Anyone who has visited the "vast expanse of nothingness" north of Clark County, Nevada has likely crossed what cowboy singer Richard Elloyan calls the "Artemisian seas". The reference isn't to bodies of water, but vast expanses of Big Sagebrush, whose Latin name is Artemisia Tridentata. Sagebrush is the signature plant of the Great Basin. Although a member of the Daisy/Sunflower family (Asteraceae), the yellow flower of sagebrush is small and unassuming. Nonetheless, the Nevada legislature has deemed deemed this modest, yet ubiquitous shrub to be worthy of the designation as Nevada's "official state flower". NRS 235.050.

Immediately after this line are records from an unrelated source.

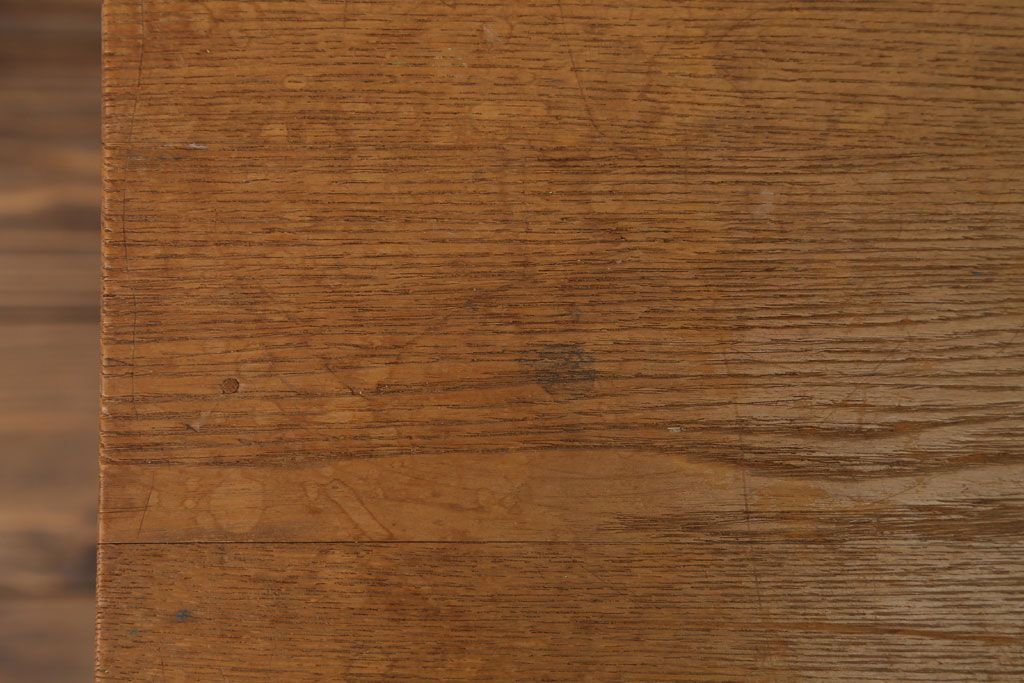 レトロ家具　昭和レトロ　古い木のノスタルジックな角スツール(2)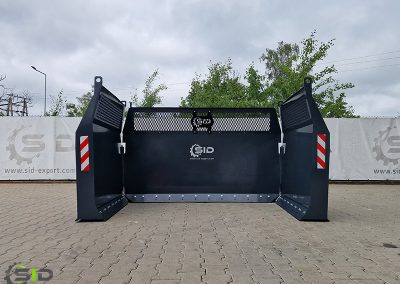 Hydraulic silage blade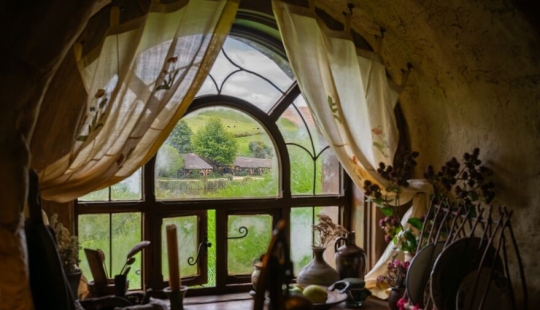Venturing Into Hobbiton’s First Ever Hobbit Hole: 12 Photos That I Took In There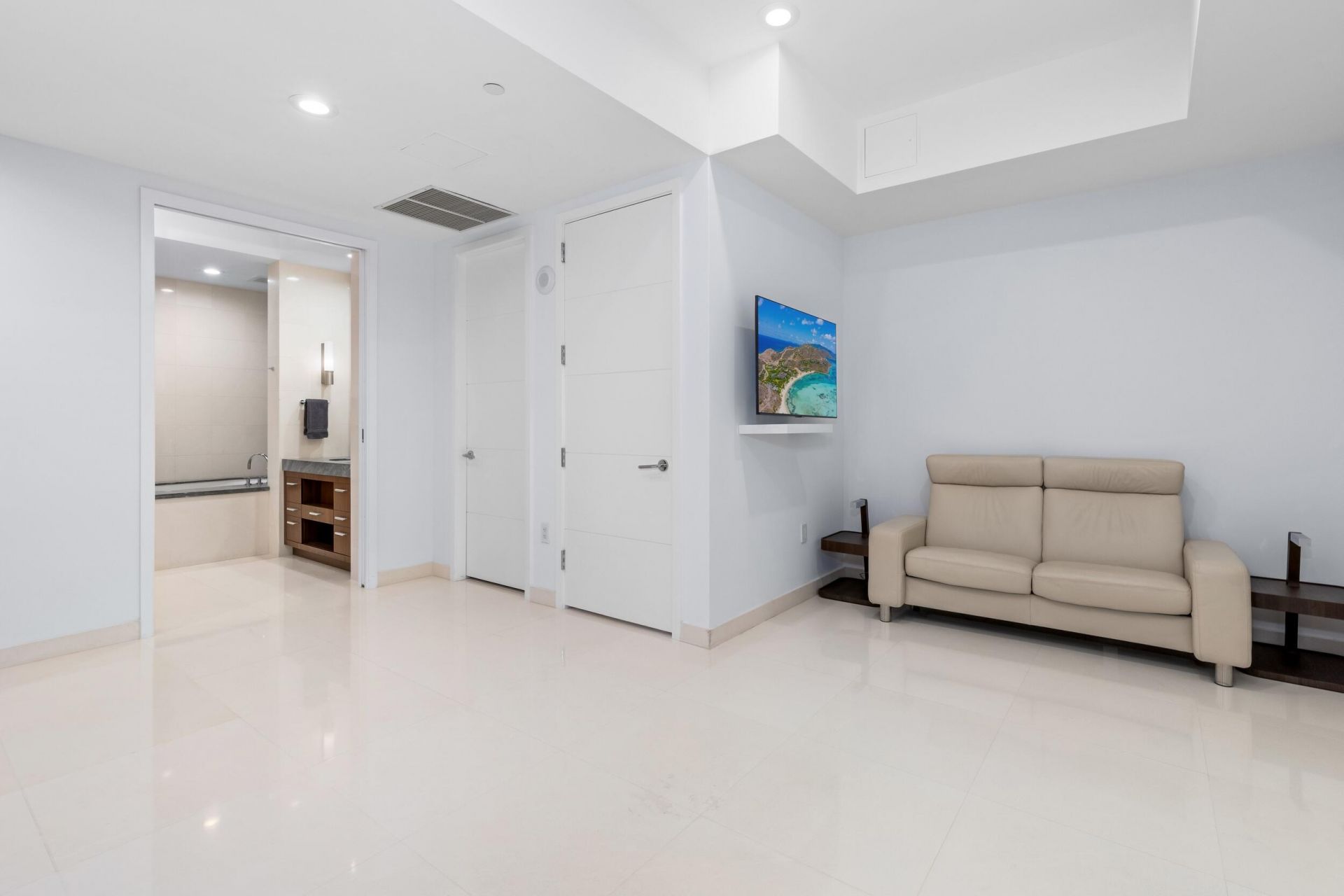 1000 S Ocean Boulevard, Unit 110, Boca Raton, FL 33432 Photo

The Big Sagebrush and other species of Artemisia are also found in California. However, the California legislature does not see the virtue of this iconic plant. It has, in fact, branded sagebrush a "weed". Cal. Gov't Code § 39561.5.
The genus Artemisia is not limited to sagebrush. In fact, it includes several hundred distinct species, including wormwood (Artemesia absinthium), an ingredient in the yellow-green liquor immortalized by the painter Edgar Degas.
According to Pliny the Elder (the writer, not the beer), Artemisia II of Caria, the 4th century BCE queen of Halicarnassus, named another member of the Artemisia genus for herself:
Mulieres quoque hanc gloriam adfectavere, in quibus artemisia uxor mausoli adoptata herba, quae antea parthenis vocabatur. Sunt qui ab artemide ilithyia cognominatam putent, quoniam privatim medeatur feminarum malis (Women also strive for this fame, for example, Artemisia, the wife of Mausolus selected the plant, which previously was called Parthenis. There are those who believe that it is named for [the goddess] Artemis of Ilithyia, since it particularly heals female ailments.)
Naturalis Historia, Book XXV, Ch. 36 (my translation). Artemisia II is famous for building one of the Seven Wonders of the Ancient World - the Mausoleum at Halicarnassus. The name of this celebrated monument was derived from the name of her deceased husband, who also happened to be her brother (Mausolus).